Thanks for the reply! Your description matches what I was seeing exactly. I'm glad I wasn't the only one seeing it, as I thought I was going crazy! Unfortunately I didn't see the problem before shipping out the update. Apple could have done a better job about reporting this back to us, as a mismatched descriptor is a real problem! A log entry from the watch to the phone would have cleared up a lot of confusion, even if it didn't help us fix the problem.
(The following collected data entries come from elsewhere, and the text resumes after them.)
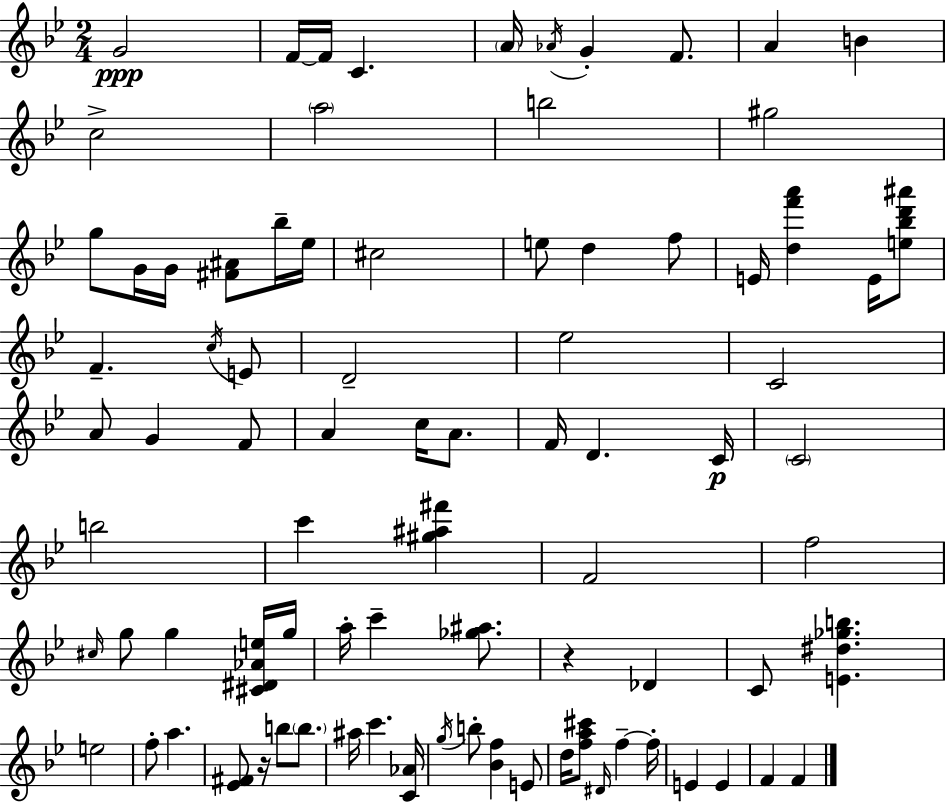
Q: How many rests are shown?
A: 2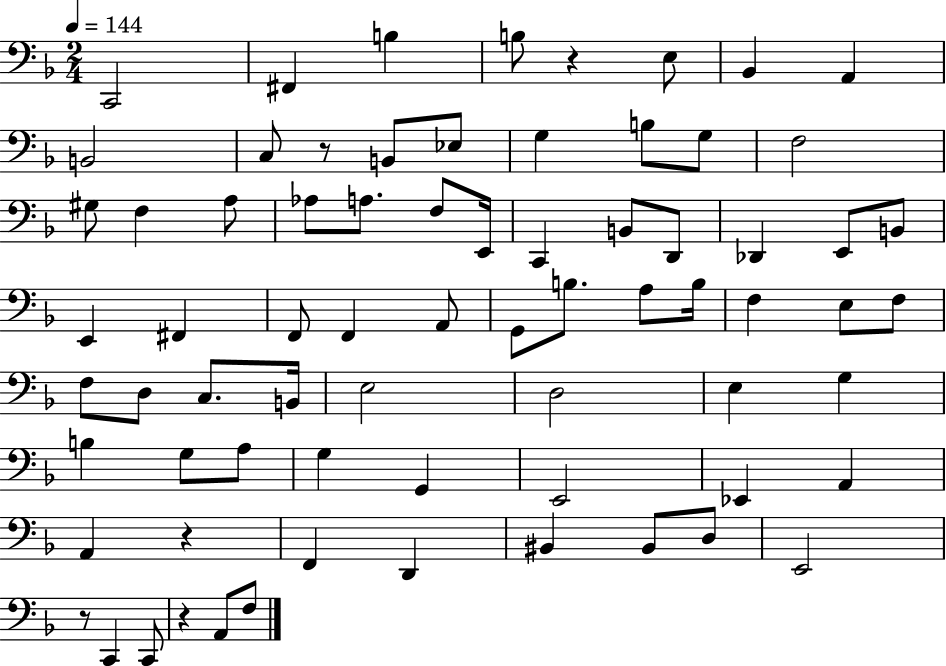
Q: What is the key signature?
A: F major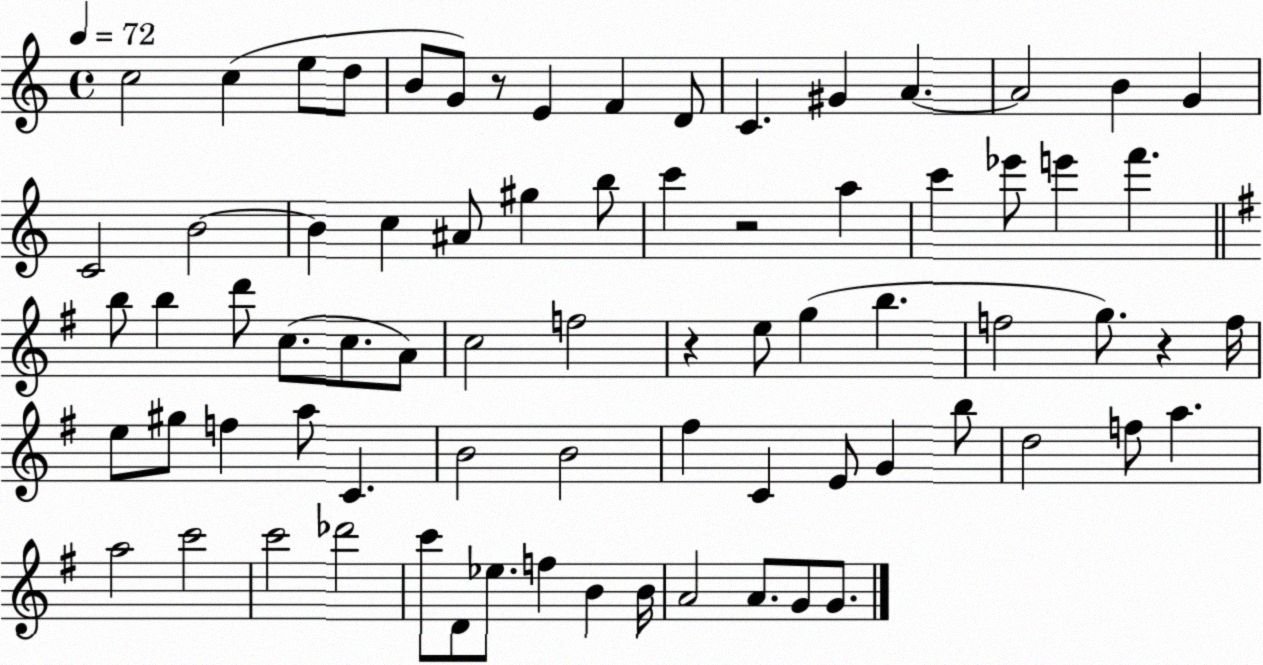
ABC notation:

X:1
T:Untitled
M:4/4
L:1/4
K:C
c2 c e/2 d/2 B/2 G/2 z/2 E F D/2 C ^G A A2 B G C2 B2 B c ^A/2 ^g b/2 c' z2 a c' _e'/2 e' f' b/2 b d'/2 c/2 c/2 A/2 c2 f2 z e/2 g b f2 g/2 z f/4 e/2 ^g/2 f a/2 C B2 B2 ^f C E/2 G b/2 d2 f/2 a a2 c'2 c'2 _d'2 c'/2 D/2 _e/2 f B B/4 A2 A/2 G/2 G/2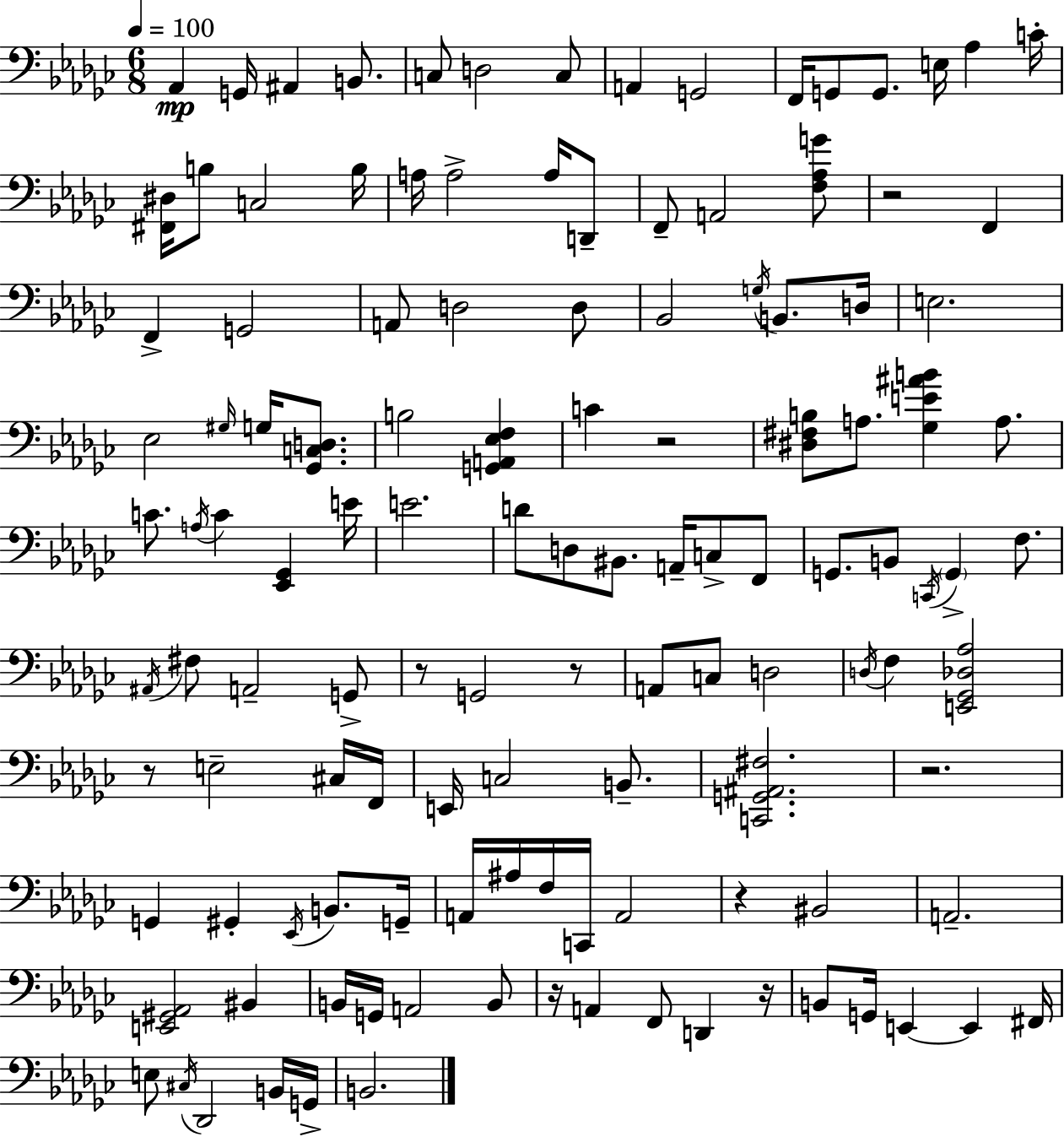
Ab2/q G2/s A#2/q B2/e. C3/e D3/h C3/e A2/q G2/h F2/s G2/e G2/e. E3/s Ab3/q C4/s [F#2,D#3]/s B3/e C3/h B3/s A3/s A3/h A3/s D2/e F2/e A2/h [F3,Ab3,G4]/e R/h F2/q F2/q G2/h A2/e D3/h D3/e Bb2/h G3/s B2/e. D3/s E3/h. Eb3/h G#3/s G3/s [Gb2,C3,D3]/e. B3/h [G2,A2,Eb3,F3]/q C4/q R/h [D#3,F#3,B3]/e A3/e. [Gb3,E4,A#4,B4]/q A3/e. C4/e. A3/s C4/q [Eb2,Gb2]/q E4/s E4/h. D4/e D3/e BIS2/e. A2/s C3/e F2/e G2/e. B2/e C2/s G2/q F3/e. A#2/s F#3/e A2/h G2/e R/e G2/h R/e A2/e C3/e D3/h D3/s F3/q [E2,Gb2,Db3,Ab3]/h R/e E3/h C#3/s F2/s E2/s C3/h B2/e. [C2,G2,A#2,F#3]/h. R/h. G2/q G#2/q Eb2/s B2/e. G2/s A2/s A#3/s F3/s C2/s A2/h R/q BIS2/h A2/h. [E2,G#2,Ab2]/h BIS2/q B2/s G2/s A2/h B2/e R/s A2/q F2/e D2/q R/s B2/e G2/s E2/q E2/q F#2/s E3/e C#3/s Db2/h B2/s G2/s B2/h.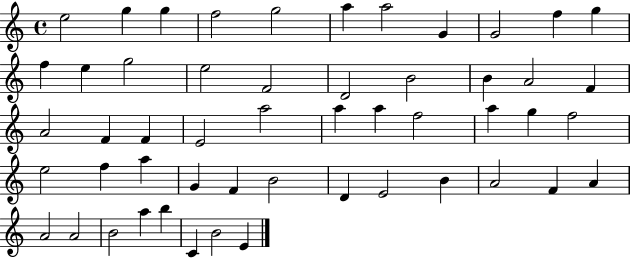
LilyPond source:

{
  \clef treble
  \time 4/4
  \defaultTimeSignature
  \key c \major
  e''2 g''4 g''4 | f''2 g''2 | a''4 a''2 g'4 | g'2 f''4 g''4 | \break f''4 e''4 g''2 | e''2 f'2 | d'2 b'2 | b'4 a'2 f'4 | \break a'2 f'4 f'4 | e'2 a''2 | a''4 a''4 f''2 | a''4 g''4 f''2 | \break e''2 f''4 a''4 | g'4 f'4 b'2 | d'4 e'2 b'4 | a'2 f'4 a'4 | \break a'2 a'2 | b'2 a''4 b''4 | c'4 b'2 e'4 | \bar "|."
}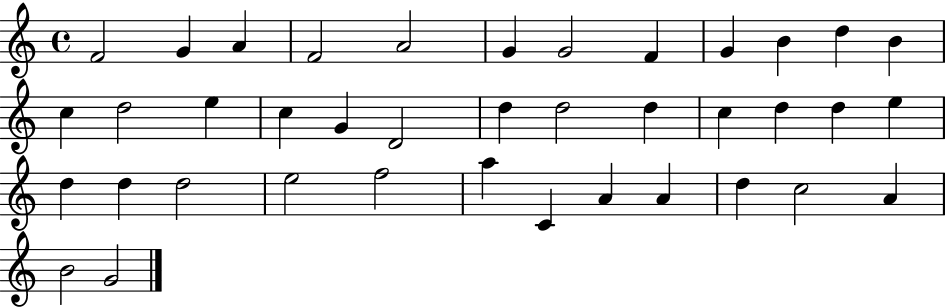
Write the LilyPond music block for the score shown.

{
  \clef treble
  \time 4/4
  \defaultTimeSignature
  \key c \major
  f'2 g'4 a'4 | f'2 a'2 | g'4 g'2 f'4 | g'4 b'4 d''4 b'4 | \break c''4 d''2 e''4 | c''4 g'4 d'2 | d''4 d''2 d''4 | c''4 d''4 d''4 e''4 | \break d''4 d''4 d''2 | e''2 f''2 | a''4 c'4 a'4 a'4 | d''4 c''2 a'4 | \break b'2 g'2 | \bar "|."
}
I didn't think about removing the watch face, so I unpaired the watch and set it up as a new watch (and then had to reconfigure the watch faces). This cleared the problem but I've seen other issues show up:

  • The complication will show the template and then update itself several times until it reaches the correct date
  • The complication will forget what it is and show incorrect data. I traced this down to code that used an old graphic bezel complication layout instead of the new layout, but I'm still puzzled by why it branched out to that code path. I need to make sure any changes don't cause other problems now.

All of this makes me wish I hadn't switched over to the single-app approach. Apple's constant nagging about doing it finally convinced me, and now like you I am regretting it. But at least now with your help I understand what is going on. Again, many thanks!